Why this matters
Secure defaults and guardrails make the safest path the easiest path. As a Platform Engineer, you bake security into templates, policies, and pipelines so product teams ship quickly without creating avoidable risk.
- Spin up a new service: it should have logging, encryption, and least-privilege by default.
- Deploy to Kubernetes: unsafe pods should be blocked automatically.
- Provision cloud resources: public access and unencrypted storage should be prevented unless there is a reviewed exception.
Real tasks you will do
- Create golden templates (IaC, CI/CD) with safe defaults.
- Write policy-as-code to block risky changes before merge/deploy.
- Design an exception process with time-bound approvals and audit.
- Measure coverage and drift to keep guardrails effective.
Concept explained simply
Secure defaults are the pre-set configurations everyone starts with (e.g., encryption on, private networking).
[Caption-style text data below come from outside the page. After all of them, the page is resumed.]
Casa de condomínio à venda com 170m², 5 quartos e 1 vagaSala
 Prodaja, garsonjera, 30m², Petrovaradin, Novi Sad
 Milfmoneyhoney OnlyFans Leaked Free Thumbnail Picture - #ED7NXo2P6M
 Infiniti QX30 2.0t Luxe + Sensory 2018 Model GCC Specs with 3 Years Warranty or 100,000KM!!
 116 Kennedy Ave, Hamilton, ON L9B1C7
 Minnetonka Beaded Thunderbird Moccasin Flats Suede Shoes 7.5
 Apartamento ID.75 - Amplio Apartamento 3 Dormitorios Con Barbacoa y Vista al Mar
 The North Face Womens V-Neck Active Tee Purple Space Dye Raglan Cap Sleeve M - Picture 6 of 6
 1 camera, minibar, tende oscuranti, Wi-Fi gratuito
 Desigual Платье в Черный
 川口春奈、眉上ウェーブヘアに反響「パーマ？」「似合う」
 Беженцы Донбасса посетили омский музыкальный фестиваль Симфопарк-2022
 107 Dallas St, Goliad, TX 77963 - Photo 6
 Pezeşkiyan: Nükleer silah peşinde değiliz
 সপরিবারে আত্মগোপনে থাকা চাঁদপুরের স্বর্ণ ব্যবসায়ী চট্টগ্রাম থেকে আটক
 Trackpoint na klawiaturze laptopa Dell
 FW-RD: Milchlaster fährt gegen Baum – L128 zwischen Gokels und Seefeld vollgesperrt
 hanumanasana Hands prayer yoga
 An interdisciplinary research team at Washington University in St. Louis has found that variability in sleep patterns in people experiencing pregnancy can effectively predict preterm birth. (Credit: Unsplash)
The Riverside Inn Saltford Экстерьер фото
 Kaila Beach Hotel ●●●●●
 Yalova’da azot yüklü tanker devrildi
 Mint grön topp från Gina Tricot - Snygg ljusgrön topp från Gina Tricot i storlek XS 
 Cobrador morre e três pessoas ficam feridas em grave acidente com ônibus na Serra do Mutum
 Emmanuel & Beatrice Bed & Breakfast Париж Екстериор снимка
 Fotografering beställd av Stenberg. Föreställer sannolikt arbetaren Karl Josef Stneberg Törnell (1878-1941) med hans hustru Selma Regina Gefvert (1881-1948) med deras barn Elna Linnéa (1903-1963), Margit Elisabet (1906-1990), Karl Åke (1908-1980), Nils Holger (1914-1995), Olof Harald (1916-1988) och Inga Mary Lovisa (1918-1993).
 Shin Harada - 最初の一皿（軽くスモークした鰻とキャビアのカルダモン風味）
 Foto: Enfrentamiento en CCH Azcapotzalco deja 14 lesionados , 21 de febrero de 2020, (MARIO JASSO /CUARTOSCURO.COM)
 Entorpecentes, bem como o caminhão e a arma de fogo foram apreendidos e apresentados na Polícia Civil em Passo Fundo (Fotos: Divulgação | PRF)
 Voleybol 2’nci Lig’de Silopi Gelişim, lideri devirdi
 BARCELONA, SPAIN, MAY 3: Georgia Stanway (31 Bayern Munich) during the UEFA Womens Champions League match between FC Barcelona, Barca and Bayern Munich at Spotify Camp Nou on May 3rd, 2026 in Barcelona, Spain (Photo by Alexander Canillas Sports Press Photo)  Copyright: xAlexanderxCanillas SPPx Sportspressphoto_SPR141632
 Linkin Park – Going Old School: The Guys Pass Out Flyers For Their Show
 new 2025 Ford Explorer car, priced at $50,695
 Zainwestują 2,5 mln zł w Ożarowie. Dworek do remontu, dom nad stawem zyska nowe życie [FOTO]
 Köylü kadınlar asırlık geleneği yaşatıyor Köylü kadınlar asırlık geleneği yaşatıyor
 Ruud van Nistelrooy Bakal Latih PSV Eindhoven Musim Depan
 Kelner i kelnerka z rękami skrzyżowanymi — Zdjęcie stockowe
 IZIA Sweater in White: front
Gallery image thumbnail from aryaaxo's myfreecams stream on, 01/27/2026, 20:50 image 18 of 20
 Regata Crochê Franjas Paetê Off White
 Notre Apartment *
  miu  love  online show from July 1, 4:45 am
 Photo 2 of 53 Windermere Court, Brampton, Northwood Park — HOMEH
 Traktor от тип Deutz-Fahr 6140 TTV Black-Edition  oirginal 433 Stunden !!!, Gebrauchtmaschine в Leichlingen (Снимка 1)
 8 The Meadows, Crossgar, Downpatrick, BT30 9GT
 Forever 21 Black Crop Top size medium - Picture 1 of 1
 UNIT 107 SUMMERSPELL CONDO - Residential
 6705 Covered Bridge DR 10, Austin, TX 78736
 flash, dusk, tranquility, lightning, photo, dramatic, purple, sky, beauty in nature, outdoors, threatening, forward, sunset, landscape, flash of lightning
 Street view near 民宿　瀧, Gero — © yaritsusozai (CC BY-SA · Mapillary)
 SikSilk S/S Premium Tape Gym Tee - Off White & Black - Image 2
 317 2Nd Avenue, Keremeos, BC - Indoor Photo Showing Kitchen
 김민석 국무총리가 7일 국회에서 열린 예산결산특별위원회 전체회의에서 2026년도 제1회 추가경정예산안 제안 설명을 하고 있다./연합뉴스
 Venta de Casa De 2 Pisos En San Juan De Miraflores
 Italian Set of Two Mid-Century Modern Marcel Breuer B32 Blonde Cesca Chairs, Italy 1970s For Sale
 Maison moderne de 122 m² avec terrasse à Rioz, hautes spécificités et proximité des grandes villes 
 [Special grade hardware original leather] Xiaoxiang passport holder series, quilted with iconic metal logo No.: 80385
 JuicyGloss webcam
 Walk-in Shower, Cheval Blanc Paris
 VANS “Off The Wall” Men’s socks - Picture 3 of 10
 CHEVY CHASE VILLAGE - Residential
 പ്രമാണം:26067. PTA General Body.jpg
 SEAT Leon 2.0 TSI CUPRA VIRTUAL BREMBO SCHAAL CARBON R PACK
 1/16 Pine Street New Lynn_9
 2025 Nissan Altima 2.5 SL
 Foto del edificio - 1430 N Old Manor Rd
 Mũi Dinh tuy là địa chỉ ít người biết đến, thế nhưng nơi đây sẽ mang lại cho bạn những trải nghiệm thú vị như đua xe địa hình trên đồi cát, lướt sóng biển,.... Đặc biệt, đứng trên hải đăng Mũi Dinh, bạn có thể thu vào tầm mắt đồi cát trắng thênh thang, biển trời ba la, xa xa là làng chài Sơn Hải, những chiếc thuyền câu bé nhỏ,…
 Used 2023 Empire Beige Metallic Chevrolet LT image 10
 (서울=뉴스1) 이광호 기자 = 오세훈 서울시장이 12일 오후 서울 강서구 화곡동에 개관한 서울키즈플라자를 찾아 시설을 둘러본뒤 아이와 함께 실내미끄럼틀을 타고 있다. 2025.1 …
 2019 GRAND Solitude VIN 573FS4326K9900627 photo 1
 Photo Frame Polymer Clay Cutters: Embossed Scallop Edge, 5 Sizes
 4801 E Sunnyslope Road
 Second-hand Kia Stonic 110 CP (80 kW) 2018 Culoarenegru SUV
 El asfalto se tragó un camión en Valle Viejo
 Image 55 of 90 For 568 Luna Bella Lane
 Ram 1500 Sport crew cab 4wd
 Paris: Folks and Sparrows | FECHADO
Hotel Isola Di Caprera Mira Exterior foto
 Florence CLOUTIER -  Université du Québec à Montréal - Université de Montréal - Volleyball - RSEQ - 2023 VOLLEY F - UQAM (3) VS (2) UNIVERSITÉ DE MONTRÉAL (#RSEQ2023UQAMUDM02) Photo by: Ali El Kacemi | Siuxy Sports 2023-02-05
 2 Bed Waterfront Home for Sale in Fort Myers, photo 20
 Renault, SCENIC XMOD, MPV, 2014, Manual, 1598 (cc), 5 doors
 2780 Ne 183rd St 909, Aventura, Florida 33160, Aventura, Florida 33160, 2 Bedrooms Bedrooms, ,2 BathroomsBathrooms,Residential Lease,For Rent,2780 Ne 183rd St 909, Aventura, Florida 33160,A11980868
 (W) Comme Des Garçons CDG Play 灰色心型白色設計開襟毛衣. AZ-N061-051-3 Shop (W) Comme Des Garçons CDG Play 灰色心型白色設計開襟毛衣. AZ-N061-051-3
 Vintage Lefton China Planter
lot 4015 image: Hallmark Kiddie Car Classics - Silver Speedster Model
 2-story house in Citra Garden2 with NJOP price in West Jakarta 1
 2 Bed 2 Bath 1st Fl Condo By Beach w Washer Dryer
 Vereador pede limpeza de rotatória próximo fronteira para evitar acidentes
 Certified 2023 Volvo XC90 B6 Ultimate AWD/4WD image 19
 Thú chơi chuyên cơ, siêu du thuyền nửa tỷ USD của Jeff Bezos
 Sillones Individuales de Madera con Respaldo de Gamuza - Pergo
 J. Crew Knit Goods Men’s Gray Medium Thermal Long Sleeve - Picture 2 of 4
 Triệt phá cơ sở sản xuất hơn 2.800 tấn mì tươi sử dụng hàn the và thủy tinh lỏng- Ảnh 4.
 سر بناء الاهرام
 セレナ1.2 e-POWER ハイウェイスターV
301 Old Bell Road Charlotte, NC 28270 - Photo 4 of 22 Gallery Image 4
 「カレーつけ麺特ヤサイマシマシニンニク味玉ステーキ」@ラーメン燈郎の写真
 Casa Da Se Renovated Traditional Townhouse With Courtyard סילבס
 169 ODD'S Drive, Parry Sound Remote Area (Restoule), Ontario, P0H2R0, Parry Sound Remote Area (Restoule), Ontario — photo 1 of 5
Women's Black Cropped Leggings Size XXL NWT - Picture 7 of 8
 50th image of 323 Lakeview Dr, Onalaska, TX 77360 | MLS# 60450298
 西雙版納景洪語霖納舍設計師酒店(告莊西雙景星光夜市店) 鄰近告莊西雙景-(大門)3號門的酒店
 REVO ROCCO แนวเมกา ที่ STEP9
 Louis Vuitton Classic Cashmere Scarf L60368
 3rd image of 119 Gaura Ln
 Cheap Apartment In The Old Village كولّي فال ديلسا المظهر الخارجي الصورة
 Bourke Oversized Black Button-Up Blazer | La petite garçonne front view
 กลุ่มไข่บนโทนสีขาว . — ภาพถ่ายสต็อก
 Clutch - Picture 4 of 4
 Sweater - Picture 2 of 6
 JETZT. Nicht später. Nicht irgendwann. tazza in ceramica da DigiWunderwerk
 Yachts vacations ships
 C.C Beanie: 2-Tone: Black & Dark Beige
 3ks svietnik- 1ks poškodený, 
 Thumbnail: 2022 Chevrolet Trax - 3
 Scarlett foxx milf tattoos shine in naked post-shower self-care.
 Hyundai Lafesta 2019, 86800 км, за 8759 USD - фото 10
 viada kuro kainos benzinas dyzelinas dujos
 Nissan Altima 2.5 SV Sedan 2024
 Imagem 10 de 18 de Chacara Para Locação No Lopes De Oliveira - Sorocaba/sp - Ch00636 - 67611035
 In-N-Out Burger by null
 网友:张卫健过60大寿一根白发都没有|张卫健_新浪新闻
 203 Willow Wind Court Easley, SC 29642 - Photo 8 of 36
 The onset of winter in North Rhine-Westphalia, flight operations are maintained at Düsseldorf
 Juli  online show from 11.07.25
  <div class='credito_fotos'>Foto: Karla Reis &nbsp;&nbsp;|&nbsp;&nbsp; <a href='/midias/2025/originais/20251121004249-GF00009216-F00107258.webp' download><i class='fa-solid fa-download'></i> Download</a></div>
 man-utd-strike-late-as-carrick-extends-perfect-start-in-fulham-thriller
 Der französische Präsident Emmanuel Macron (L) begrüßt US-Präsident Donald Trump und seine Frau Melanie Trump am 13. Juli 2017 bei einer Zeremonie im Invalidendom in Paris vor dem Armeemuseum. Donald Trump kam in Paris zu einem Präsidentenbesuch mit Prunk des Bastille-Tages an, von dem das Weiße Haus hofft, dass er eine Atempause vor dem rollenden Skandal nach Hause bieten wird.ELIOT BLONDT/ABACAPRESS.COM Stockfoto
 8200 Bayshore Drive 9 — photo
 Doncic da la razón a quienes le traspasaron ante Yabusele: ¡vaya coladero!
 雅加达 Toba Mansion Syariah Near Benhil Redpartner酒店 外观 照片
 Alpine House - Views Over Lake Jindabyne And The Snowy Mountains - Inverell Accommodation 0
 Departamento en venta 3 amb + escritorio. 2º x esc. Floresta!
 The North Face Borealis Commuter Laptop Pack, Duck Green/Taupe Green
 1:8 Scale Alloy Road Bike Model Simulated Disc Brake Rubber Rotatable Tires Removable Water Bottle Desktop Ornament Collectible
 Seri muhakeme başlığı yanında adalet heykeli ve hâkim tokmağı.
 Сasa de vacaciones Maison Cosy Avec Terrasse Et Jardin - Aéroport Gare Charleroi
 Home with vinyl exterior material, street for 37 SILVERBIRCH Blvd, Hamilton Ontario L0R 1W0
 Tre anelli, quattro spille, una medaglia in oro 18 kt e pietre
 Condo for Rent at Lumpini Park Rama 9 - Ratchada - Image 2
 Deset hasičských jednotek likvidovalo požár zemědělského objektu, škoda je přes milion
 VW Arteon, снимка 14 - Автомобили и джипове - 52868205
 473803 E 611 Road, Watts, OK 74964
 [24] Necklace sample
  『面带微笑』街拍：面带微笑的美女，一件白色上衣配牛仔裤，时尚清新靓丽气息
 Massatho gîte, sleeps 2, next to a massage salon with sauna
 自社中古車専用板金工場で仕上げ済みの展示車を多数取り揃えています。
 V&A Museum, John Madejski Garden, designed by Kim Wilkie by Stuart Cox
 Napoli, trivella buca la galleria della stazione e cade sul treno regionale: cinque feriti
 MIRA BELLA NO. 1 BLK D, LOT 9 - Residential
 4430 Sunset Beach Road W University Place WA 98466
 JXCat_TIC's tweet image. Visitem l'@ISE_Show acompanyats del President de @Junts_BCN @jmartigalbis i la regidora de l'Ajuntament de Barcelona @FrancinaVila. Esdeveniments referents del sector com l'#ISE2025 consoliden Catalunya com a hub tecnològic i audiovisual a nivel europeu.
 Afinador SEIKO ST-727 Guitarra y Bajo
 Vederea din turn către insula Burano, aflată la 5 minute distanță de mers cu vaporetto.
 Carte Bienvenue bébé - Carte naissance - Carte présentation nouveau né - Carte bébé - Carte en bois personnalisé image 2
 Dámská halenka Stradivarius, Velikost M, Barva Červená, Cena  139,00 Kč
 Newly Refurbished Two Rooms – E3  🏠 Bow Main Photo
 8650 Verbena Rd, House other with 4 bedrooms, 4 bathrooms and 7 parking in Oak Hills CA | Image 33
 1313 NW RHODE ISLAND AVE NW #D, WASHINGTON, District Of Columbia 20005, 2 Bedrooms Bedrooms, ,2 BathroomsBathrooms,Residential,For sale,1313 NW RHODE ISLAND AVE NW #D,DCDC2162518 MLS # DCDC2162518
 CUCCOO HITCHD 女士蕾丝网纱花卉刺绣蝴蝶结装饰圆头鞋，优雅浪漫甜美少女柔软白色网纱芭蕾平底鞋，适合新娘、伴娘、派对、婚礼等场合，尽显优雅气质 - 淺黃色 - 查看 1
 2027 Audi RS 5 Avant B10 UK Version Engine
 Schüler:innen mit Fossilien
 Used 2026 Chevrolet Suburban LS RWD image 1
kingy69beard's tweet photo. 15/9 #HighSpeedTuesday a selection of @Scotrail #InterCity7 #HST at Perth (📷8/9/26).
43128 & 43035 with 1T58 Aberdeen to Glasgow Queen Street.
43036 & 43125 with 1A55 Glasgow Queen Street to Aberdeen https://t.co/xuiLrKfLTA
Guardrails are controls that prevent or warn on dangerous deviations (e.g., policy checks that fail builds).
Mental model
Think of a highway with speed limit and lane barriers:
- The speed limit signs are secure defaults: clear, consistent baseline.
- The lane barriers are guardrails: they stop you from driving off the road.
- There are emergency gates: controlled exceptions with extra checks and time limits.
Design principles
- Opt-out, not opt-in: start secure, require justification to loosen.
- Golden paths: publish easy, well-documented templates that pass all checks.
- Shift left: block issues in PR or pre-merge, not in production.
- Low friction: give actionable errors and remediation hints.
- Traceable exceptions: documented reason, owner, expiry, and scope.
- Measure everything: coverage, block rates, false-positive rates, and mean time to exception closure.
Worked examples
Example 1 — Kubernetes namespace baseline (secure defaults)
Objective: ensure any pod is limited, isolated, and non-root by default.
# Namespace template values (Helm) produce:
apiVersion: v1
kind: ResourceQuota
spec:
hard:
requests.cpu: "2"
requests.memory: 4Gi
limits.cpu: "4"
limits.memory: 8Gi
---
apiVersion: v1
kind: LimitRange
spec:
limits:
- type: Container
default:
cpu: "500m"
memory: 512Mi
defaultRequest:
cpu: "200m"
memory: 256Mi
---
# Default deny egress + ingress, teams must explicitly open flows
apiVersion: networking.k8s.io/v1
kind: NetworkPolicy
spec:
podSelector: {}
policyTypes: ["Ingress","Egress"]
ingress: []
egress: []
---
# Pod Security: baseline/restricted
apiVersion: policy
kind: PodSecurity
# or use built-in Pod Security Admission labels at namespace level
metadata:
labels:
pod-security.kubernetes.io/enforce: restricted
pod-security.kubernetes.io/enforce-version: latest
Guardrail: admission policy (OPA/Gatekeeper or Kyverno) that denies pods without runAsNonRoot, readOnlyRootFilesystem, and drops all capabilities except those explicitly allowed.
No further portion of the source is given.